Asterisks and warning signals
Notice the asterisks in the last two brands? These are also the cheapest models.
The Aikoper brand has no warranty information on Amazon and doesn’t even have a website at the time of writing. There is a Facebook page, but I didn’t bother checking that.
The Kismile blurb on Amazon has comically bad English, complete with basic spelling errors. Will you be “dinning” with friends this evening?
This radiator will defend coldness and bring warmth no matter you are staying at home, working or dinning with friends.
I found a warranty page on their website, but I noticed that all questions about warranty service should be sent to a Microsoft Outlook email address.
Personally, I wouldn’t touch these products with a bargepole.
Why These Heaters Are Often Very Durable
Some customers are unlucky enough to get appliances with manufacturing defects.
But let’s say that your appliance arrives in perfect condition. Even with prolonged use every day, these appliances tend to be more robust than some other types of portable heaters.

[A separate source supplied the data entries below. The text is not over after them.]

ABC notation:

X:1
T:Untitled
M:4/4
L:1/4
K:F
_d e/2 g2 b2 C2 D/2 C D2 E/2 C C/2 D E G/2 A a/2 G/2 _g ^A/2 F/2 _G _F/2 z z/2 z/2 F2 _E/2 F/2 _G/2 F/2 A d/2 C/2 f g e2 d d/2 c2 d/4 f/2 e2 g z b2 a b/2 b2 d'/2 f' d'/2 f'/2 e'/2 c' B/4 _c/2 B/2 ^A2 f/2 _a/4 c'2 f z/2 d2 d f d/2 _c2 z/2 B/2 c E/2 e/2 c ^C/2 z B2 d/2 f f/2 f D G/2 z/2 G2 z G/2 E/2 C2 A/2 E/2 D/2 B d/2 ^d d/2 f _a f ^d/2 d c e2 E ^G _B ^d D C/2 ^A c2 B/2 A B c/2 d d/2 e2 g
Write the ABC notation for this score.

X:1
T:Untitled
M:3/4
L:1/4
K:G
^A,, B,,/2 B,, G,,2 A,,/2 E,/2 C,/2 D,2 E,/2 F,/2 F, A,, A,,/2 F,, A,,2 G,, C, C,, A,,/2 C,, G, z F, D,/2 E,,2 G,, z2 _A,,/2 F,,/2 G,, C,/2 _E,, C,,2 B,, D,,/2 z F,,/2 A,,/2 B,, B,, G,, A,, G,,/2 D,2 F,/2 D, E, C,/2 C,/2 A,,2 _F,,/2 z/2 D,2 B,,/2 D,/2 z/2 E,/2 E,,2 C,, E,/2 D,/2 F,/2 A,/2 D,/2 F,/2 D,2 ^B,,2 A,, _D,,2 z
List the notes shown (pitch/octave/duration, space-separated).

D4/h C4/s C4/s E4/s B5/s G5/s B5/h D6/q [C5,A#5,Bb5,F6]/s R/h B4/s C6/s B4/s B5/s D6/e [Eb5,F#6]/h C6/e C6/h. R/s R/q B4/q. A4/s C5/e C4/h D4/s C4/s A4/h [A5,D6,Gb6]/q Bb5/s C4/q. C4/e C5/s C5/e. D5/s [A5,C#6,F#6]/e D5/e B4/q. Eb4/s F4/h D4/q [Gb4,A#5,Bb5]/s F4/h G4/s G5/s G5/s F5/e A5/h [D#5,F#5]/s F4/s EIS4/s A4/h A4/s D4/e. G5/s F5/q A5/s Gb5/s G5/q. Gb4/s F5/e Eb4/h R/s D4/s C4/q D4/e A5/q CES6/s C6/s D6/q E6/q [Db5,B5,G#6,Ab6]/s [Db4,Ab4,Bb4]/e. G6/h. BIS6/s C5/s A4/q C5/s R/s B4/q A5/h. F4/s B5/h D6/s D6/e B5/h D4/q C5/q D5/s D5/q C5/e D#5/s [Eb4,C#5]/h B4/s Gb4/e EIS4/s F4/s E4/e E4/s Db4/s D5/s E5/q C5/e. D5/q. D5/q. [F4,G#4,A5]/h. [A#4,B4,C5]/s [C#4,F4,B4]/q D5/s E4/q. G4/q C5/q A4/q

The frame of electric oil-filled heaters is either metal or ceramic, which makes them very durable.
Unlike fan heaters, they don’t suck in and blow out air. So, they are impervious to dust and particles interfering with their inner workings.
Unlike gas or other fuel-based portable heaters, you don’t replenish the fuel. Check out our article on why you don’t have to change the oil in oil-filled heaters.
These appliances are completely sealed. Because you are not refilling the fuel, there is less opportunity to break the internal components.
Some Vulnerable Parts
Although the frames are very durable, some components lend themselves to breaking.
Beware broken wheels
The most common issues are with the wheels at the bottom of the unit. These are often small plastic wheels attached using narrow metal bolts. The flimsier they are, the more likely they are to break.
The picture above is one of the four wheels at the bottom of my unit.
It’s worth visiting a store to examine the wheels on different appliances. Some are clearly more robust than others.
The other vulnerable pieces are the digital controls that ironically tend to come with the more expensive brands.
I tend to go for appliances with manual controls. By this, I mean dials, knobs, and switches.
But some appliances come with digital controls that can be operated remotely.
Sure, you don’t need to get off the couch to turn the heating up. But these units seem more likely to develop faults than the manual controls.
How To Make Your Heater Last Longer
Here are our best tips for extending the life of your appliance.
Tip 1: carry the heater instead of rolling it
Do you want to move your heater to a different part of the room or to the room next door?
My tip is that you pick up the entire frame instead of rolling it across the ground. I’ve had several wheels break off when pulling the unit from one place to another.
I have carpeted rooms so this may have contributed to the issue. If you have wooden or tiled floors, you may have less risk.
Tip 2: place the heater down carefully
I’ve also broken an appliance by placing it down so carelessly that it tipped over with a thud as it hit the floor.
Now, I’m far more careful as I place it on the ground. I wrote in a separate article that there is no problem with laying or storing an oil-filled heater on its side.
The problem is through causing damage through a hard knock to the frame.
Tip 4: use less often
The more the appliance is in use, the more there will be wear and tear over a period of years.
If you live in cold accommodation, then you may not have a choice in terms of using your appliance less often. Just be aware that it’s less likely to last past the warranty period.